Example 18 is a resonator fiber optic gyroscope (RFOG) comprising: a resonator; a master laser to produce a reference light, the master laser coupled to the resonator such that the reference light circulates through the resonator in a first direction; Pound-Drever-Hall (PDH) feedback electronics configured to: modulate the reference light with a PDH modulation signal; sense light at a reflection port of the resonator; and adjust a frequency of the master laser toward resonance of the resonator at the reflection port; a first slave laser to produce a first slave light, the first slave laser coupled to the resonator such that the first slave light circulates through the resonator in the first direction; a first phase-lock-loop (PLL) coupled to the first slave laser, the first PLL to beat the first slave light with the reference frequency and to drive the first slave light such that the first slave light is locked to the reference light; transmission mode feedback electronics coupled to the first PLL, the transmission mode feedback electronics configured to: send a first beat frequency to the first PLL such that the first PLL locks the first slave light at a frequency difference from the reference frequency equal to the first beat frequency; frequency modulate the first beat frequency with a first modulation signal; sense light at a first transmission port of the resonator; and adjust a frequency of the first slave laser toward resonance of the resonator at the first transmission port; a second slave laser to produce a second slave light, the second slave laser coupled to the resonator such that the second slave light circulates through the resonator in a second direction; a second PLL coupled to the second slave laser, the second PLL to beat the second slave light with the reference frequency and to drive the second slave light such that the second slave light is locked to the reference light; and wherein the transmission mode feedback electronics are coupled to the second PLL and configured to: send a second beat frequency to the second PLL such that the second PLL locks the second slave light at a frequency difference from the reference frequency equal to the second beat frequency; frequency modulate the second beat frequency with a second modulation signal; sense light at a second transmission port of the resonator; and adjust a frequency of the second slave laser toward resonance of the resonator at the second transmission port.

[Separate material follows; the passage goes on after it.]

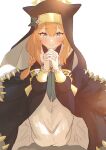  1girl absurdres animal_ear_headwear animal_ears black_veil blue_archive blue_eyes blush braid cl07 coif flower flower_hat hair_between_eyes hair_flower hair_ornament halo hat hat_flower highres kneeling looking_at_viewer mari_(blue_archive) nun orange_hair own_hands_clasped own_hands_together smile veil white_background white_flower yellow_halo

Example 19 is the RFOG of Example 18, comprising: a third slave laser to produce a third slave light, the third slave laser coupled to the resonator such that the third slave light circulates through the resonator in the second direction; a third PLL coupled to the third slave laser, the third PLL to beat the third slave light with the reference frequency and to drive the third slave light such that the third slave light is locked to the reference light; and wherein the transmission mode feedback electronics are coupled to the third PLL and configured to: send a third beat frequency to the third PLL such that the third PLL locks the third slave light at a frequency difference from the reference frequency equal to the third beat frequency; frequency modulate the third beat frequency with a third modulation signal; sense light at the second transmission port of the resonator; and adjust a frequency of the third slave laser toward resonance of the resonator at the third transmission port.
Example 20 is the RFOG of any of Examples 18 or 19, wherein the PDH feedback electronics are configured to adjust the frequency of the master laser at a rate that is at least ten times faster than the rate at which the transmission mode feedback electronics are configured to adjust the frequency of the first and second slave lasers; and wherein the PDH modulation signal is within the range of 1-100 Mhz and the first and second modulation signals are within the range of 1-100 Khz.